***** THE DATA

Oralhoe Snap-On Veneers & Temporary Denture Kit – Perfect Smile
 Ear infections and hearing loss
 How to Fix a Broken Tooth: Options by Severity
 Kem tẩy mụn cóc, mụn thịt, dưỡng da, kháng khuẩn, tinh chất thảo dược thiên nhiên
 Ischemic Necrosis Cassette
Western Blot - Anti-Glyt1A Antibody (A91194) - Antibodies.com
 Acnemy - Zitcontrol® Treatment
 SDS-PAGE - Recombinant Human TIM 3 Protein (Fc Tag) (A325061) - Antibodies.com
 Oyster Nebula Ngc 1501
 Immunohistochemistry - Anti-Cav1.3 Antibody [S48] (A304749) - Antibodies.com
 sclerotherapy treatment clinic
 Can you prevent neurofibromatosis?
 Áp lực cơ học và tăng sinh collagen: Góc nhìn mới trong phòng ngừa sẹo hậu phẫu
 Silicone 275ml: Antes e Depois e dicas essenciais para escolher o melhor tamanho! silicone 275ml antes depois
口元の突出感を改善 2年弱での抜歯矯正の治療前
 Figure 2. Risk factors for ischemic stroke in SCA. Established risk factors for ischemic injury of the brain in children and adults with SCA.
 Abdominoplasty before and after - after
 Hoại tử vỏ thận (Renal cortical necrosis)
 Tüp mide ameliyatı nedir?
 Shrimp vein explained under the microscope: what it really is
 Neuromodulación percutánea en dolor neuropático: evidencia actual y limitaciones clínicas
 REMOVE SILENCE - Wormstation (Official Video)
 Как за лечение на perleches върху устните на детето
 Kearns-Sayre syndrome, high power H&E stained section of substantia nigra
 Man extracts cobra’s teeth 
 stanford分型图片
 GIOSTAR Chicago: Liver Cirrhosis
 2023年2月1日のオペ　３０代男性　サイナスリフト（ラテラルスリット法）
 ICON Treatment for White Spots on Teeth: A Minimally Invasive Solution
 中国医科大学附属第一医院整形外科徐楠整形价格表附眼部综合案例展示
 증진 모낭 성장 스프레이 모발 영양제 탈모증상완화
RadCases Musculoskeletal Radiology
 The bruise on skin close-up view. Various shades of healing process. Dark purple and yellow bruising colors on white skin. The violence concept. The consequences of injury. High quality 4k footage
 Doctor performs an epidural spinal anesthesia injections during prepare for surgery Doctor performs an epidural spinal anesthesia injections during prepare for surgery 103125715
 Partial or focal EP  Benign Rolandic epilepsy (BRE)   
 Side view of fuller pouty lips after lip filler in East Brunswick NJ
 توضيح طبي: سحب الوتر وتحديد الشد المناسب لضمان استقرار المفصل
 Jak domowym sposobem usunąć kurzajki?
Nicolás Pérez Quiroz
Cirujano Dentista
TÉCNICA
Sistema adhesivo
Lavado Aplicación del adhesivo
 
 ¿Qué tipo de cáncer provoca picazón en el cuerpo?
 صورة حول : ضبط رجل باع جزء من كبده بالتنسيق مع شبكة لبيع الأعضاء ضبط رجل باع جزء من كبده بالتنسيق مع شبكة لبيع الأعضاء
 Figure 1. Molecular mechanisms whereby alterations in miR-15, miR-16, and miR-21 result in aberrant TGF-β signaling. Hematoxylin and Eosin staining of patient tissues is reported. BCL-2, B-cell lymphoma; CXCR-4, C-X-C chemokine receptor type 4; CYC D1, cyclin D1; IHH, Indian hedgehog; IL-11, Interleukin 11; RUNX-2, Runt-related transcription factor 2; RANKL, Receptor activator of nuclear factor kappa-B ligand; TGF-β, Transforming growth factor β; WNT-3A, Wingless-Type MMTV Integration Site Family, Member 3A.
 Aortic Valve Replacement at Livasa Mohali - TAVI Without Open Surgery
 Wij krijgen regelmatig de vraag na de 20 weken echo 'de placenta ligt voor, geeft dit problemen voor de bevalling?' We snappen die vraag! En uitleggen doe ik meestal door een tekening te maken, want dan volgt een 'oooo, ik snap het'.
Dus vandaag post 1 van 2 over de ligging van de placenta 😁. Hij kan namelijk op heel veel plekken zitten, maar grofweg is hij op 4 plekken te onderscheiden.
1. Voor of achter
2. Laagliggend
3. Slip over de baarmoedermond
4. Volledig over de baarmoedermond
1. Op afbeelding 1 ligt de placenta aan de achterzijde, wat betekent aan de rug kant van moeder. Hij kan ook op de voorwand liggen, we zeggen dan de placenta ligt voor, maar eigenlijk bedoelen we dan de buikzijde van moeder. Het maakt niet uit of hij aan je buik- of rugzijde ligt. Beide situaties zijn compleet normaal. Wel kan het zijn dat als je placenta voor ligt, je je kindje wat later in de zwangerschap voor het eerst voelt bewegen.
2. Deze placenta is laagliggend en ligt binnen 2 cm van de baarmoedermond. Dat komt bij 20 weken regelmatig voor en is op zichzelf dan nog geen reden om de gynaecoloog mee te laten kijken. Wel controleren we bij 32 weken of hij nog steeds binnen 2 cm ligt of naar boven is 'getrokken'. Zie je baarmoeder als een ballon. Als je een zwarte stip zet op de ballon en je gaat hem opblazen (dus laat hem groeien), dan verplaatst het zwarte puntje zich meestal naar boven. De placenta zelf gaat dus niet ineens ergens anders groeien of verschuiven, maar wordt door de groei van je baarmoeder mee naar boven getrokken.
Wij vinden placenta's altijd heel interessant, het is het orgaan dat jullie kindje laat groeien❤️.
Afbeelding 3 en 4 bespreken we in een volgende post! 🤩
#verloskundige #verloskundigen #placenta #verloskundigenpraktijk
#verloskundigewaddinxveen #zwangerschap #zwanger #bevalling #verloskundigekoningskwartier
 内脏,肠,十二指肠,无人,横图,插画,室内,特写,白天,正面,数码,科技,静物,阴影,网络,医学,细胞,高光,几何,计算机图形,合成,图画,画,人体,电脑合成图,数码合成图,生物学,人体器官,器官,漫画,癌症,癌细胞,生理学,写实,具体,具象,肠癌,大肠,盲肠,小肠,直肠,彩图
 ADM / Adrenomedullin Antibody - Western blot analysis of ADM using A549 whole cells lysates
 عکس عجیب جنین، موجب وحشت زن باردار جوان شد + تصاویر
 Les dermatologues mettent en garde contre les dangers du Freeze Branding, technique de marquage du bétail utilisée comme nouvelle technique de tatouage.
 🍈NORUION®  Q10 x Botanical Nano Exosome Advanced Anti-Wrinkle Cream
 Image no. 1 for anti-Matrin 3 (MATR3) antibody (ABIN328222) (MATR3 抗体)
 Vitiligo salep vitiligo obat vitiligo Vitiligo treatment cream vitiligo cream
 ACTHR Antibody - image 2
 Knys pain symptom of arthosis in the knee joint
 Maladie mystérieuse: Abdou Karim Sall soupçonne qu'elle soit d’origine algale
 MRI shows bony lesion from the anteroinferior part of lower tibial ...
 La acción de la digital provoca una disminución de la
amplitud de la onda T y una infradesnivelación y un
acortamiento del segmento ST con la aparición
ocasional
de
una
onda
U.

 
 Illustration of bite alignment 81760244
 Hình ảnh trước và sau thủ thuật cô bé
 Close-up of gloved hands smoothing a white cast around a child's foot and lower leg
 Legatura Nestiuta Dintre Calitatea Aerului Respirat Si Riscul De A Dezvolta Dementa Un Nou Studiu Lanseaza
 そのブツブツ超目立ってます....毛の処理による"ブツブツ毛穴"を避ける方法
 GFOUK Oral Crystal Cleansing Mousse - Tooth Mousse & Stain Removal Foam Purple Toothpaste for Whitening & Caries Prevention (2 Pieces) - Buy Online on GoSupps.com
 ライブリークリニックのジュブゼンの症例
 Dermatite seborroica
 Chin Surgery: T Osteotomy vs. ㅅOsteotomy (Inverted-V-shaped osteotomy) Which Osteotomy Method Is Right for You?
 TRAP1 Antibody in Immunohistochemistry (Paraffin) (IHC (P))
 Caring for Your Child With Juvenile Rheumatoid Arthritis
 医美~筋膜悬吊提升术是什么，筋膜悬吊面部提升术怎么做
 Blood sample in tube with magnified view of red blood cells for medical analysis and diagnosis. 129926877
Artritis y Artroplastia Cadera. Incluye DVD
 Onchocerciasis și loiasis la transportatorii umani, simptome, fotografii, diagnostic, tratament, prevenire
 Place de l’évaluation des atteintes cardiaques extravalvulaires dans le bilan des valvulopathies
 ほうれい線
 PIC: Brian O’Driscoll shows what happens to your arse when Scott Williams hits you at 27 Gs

**********

**WHAT THE TASK REQUIRES:**
Give the number of lines in the entries that contain the word "Tooth", without any other words.

**RESPONSE TO THE EXERCISE:**
2